The State argues the statutes, particularly N.J.S.A. 2C:11–5(d), create separately punishable offenses, precluding merger. In our review, we determine the statute neither permits nor precludes multiple convictions if the culpable conduct evinces each offense. The statutory language does not mandate an intention to punish separate offenses arising from the same conduct. The amendment to N.J.S.A. 2C:11–5(d) may simply signal the fact that death by auto was made a second-degree offense, equaling the degree of reckless manslaughter, thus giving the State an option to charge either offense.
We agree, however, that merger of these two offenses is not mandated. In such instances, the normative choice is to impose concurrent rather than consecutive sentences. The trial court followed this procedure making the sentence for count four concurrent to the sentence in count one. We discern no basis to modify that determination.
The other offense defendant suggests must merge with the death by auto conviction is third-degree causing death while an actor's driving privileges were suspended. N.J.S.A. 2C:40–22(a). We agree.
The elements of N.J.S.A. 2C:40–22(a) include operating a motor vehicle while one's driving privileges were suspended and being involved in a motor vehicle accident resulting in the death of another. Ibid. Each of the elements of N.J.S.A. 2C:40–22(a) is subsumed in the elements of N.J.S.A. 2C:11–5(b)(1). The difference is the additional element of recklessness necessary to prove death by auto. Accordingly, the conviction for count three should have been merged with count one.
Next, we review defendant's challenge to the court's imposition of a discretionary extended term sentence on count one.
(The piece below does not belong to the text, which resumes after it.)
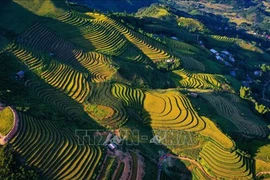 Belleza de Yen Bai. (Fuente: VNA)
Defendant challenges the applicability of the extended term to an offense already enhanced because the conduct occurred within a school zone and otherwise challenges the court's determination to impose the maximum sentence of life imprisonment.
The trial court first analyzed whether defendant was extended term eligible. The statute, N.J.S.A. 2C:44–3(a), affords the sentencing court the discretion to impose an extended term sentence upon a finding that the defendant qualifies as a “persistent offender,” which is defined as
a person who at the time of the commission of the crime is 21 years of age or over, who has been previously convicted on at least two separate occasions of two crimes, committed at different times, when he was at least 18 years of age, if the latest in time of these crimes or the date of the defendant's last release from confinement, whichever is later, is within 10 years of the date of the crime for which the defendant is being sentenced.
[N.J.S.A. 2C:44–3(a).]
The Code provided no further standard to guide the court when determining whether to impose a sentence within the extended-term range. The Supreme Court has filled this gap. See State v. Pierce, 188 N.J. 155, 167 (2006); State v. Dunbar, 108 N.J. 80, 91 (1987), modified in part by Pierce, supra, 188 N.J. at 167.
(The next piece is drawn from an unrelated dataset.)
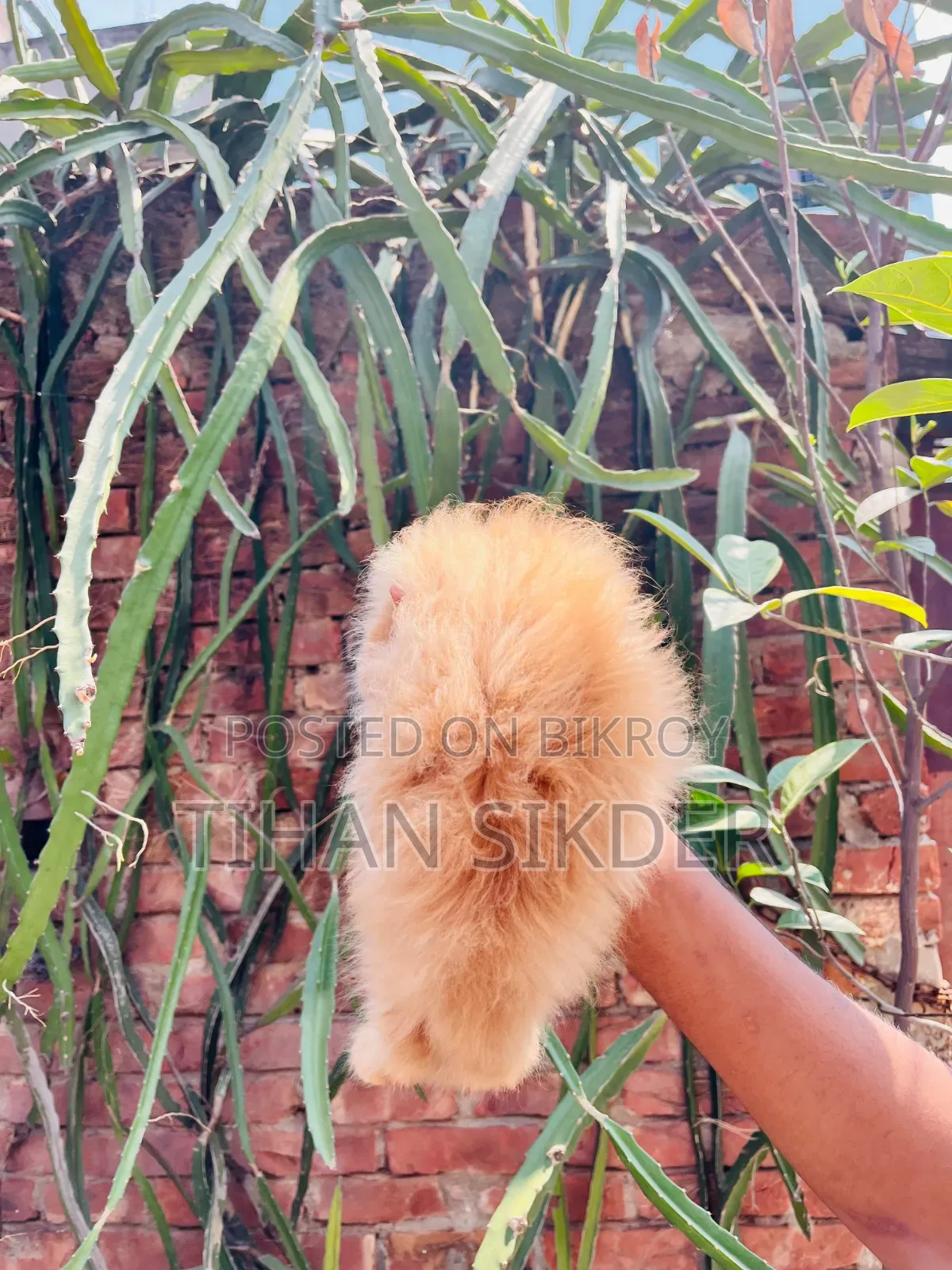 ১-৩ মাসের ফিমেল পিওরব্রেড পার্সিয়ান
Once the court has concluded a discretionary extended term sentence is legally permissible, it must then identify the range of sentences available for imposition. As the Supreme Court noted in Pierce, supra, “the range of sentences, available for imposition, starts at the minimum of the ordinary-term range and ends at the maximum of the extended-term range.” 188 N.J. at 169. Even though the maximum applicable sentence for a persistent offender is the top of the extended-term range, the trial court is not mandated to sentence a defendant within the enhanced range, but may sentence anywhere within the minimum of the ordinary-term range up to the maximum of the extended-term range. Ibid.
“Where, within that range of sentences, the court chooses to sentence a defendant remains in the sound judgment of the court—subject to reasonableness and the existence of credible evidence in the record to support the court's finding of aggravating and mitigating factors and the court's weighing and balancing of those factors found.” Ibid. In determining the length of an appropriate sentence, a trial judge must “use the full range of sentences opened up to the court,” which “is a function of the court's assessment of the aggravating and mitigating factors[.]” Id. at 168–69. Finally, the court must determine any period of parole ineligibility.
In our review, we apply an abuse of discretion standard to the sentencing court's explanation for its sentencing decision within the extended range. Id. at 169–70. The determination will be reviewed for reasonableness. Ibid. See also Roth, supra, 95 N.J. at 364–66 (holding that appellate review of a sentence requires examination of whether correct legislative standards or guidelines have been followed, review for substantial evidence in record to support findings, and determination whether sentence “shocks the judicial conscience”).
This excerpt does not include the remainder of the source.